Thanks for the compliment. I use a comb. Also you are correct you need to be an octopus to hold all of this together and then put paint on. I use vise grips to hold the jig, then on top of that vise grips to hold the comb. In one hand a heat gun and the other hand powder paint. Yes it gets very tricky. But it does work. I wouldn't want to do a thousand of these though.



Downriver Tackle said:


> I have a buddy that gets pretty descent detail with powder paint, but he has 3 different size guns. One is small for stripes and spots and still electrostatic. I know that the electrostatic feature can make a HUGE difference.
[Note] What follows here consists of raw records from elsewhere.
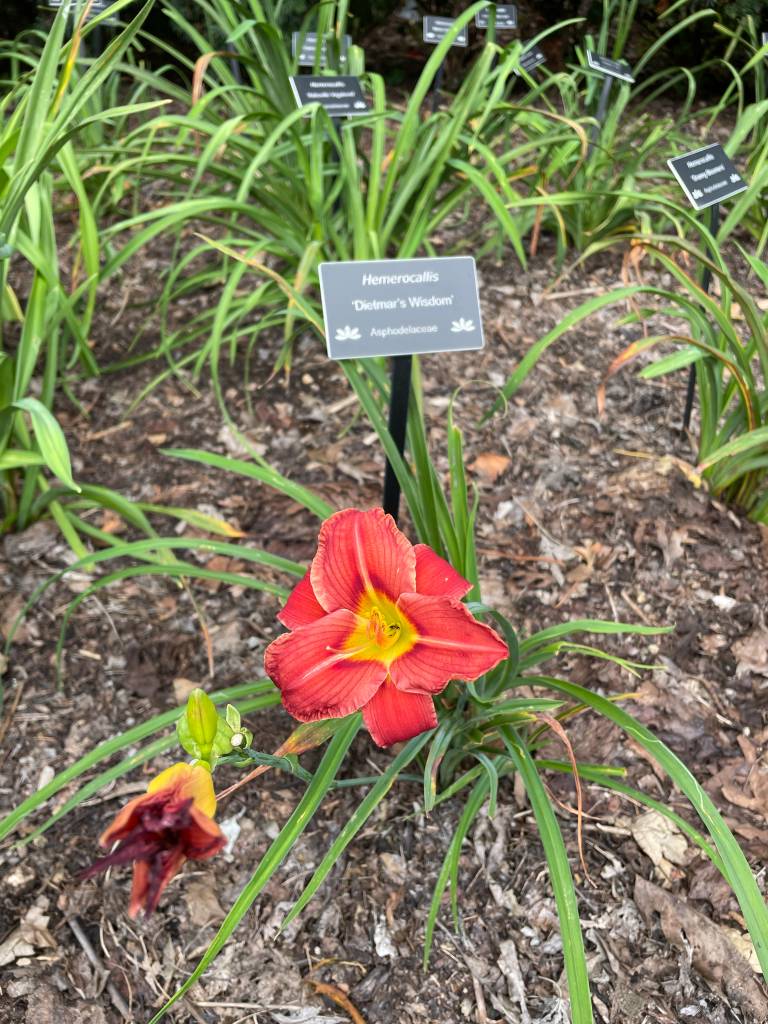 Plant name: Daylily Hemerocallis  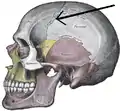 Side view of the skull. ('Coronal suture' indicated by the arrow.)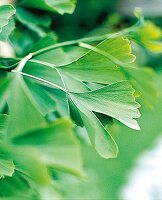 Ginkoblätter, Ginkobaum, Ginkgo, zweigeteilt, asiatischer Baum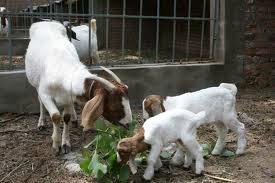 供應(yīng)怎樣養(yǎng)殖亞洲黃羊杜泊羊青山羊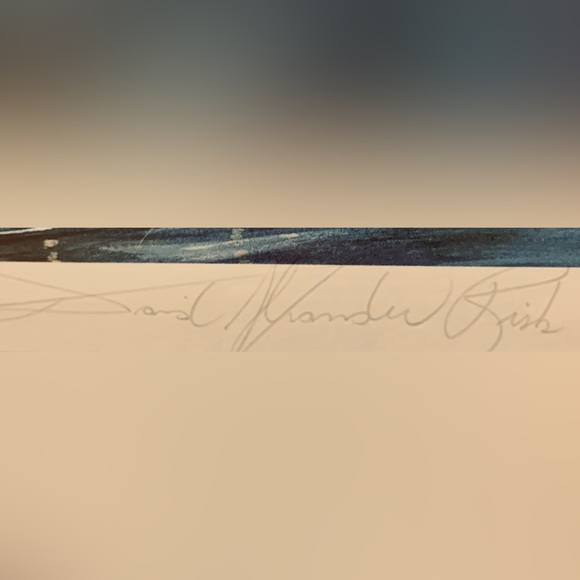 Signed and sealed / Duck Study/ Artist: David Risk - Picture 2 of 2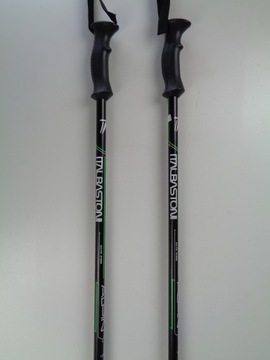 ЛЫЖНЫЕ ПАЛАКИ ITALBASTONI GREEN 110 + ЛЫЖНАЯ ЗАВИСКА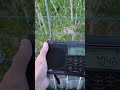 7046 khz (lsb)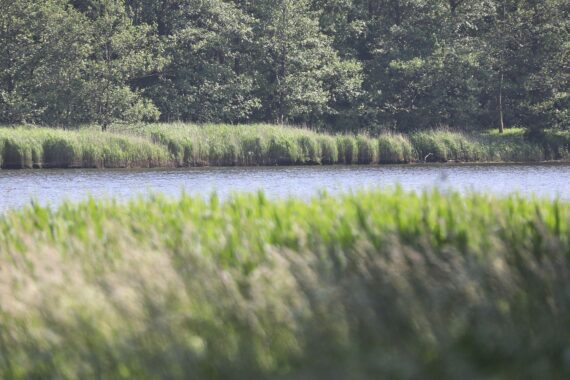 Salzwiesen mit küstlichem Ambiente, symbolisieren Natur- und Klimaschutz, wichtig für Grünen-Wahlkampf.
It locks those particles where you spray them and you get much finer detail and almost no overspray look.


You are absolutely correct. We have an electrostatic system at work, but that is for bigger items. The electrical charge does draw the powder to the piece and hold it there until it goes into the oven. The only drawback to that is that it wastes a lot of powder. But the process its really neat. I would like to get a really small version of that for the home.


----------



## All Eyes (Jul 28, 2004)

Those look great Cadman! I have powder coated some of my blades but found that the added thickness takes something away from the action. Even when I dusted them with a brush as you suggested it seems like they don't vibrate quite as well. Of course that's without using a flow bed so I'm guessing that's where my problem is. 
Using a hand file I took the color off of some of them down to bare metal (copper or brass) and the combo of powder coat colors and shiny metal coming through here and there look pretty cool.


----------



## "Big" mark the shark (Jan 21, 2010)

Man those are great it's hard to believe you can do that with powder paint.


----------



## cadman (Jan 25, 2009)

[quote="Big" mark the shark;1137605]Man those are great it's hard to believe you can do that with powder paint.[/quote]

Thanks for the compliment. I try to put out a good product. There are lot of things you can do with powder paint, however like anything else nothing is ever easy, yet it is attainable if you are persistant.


----------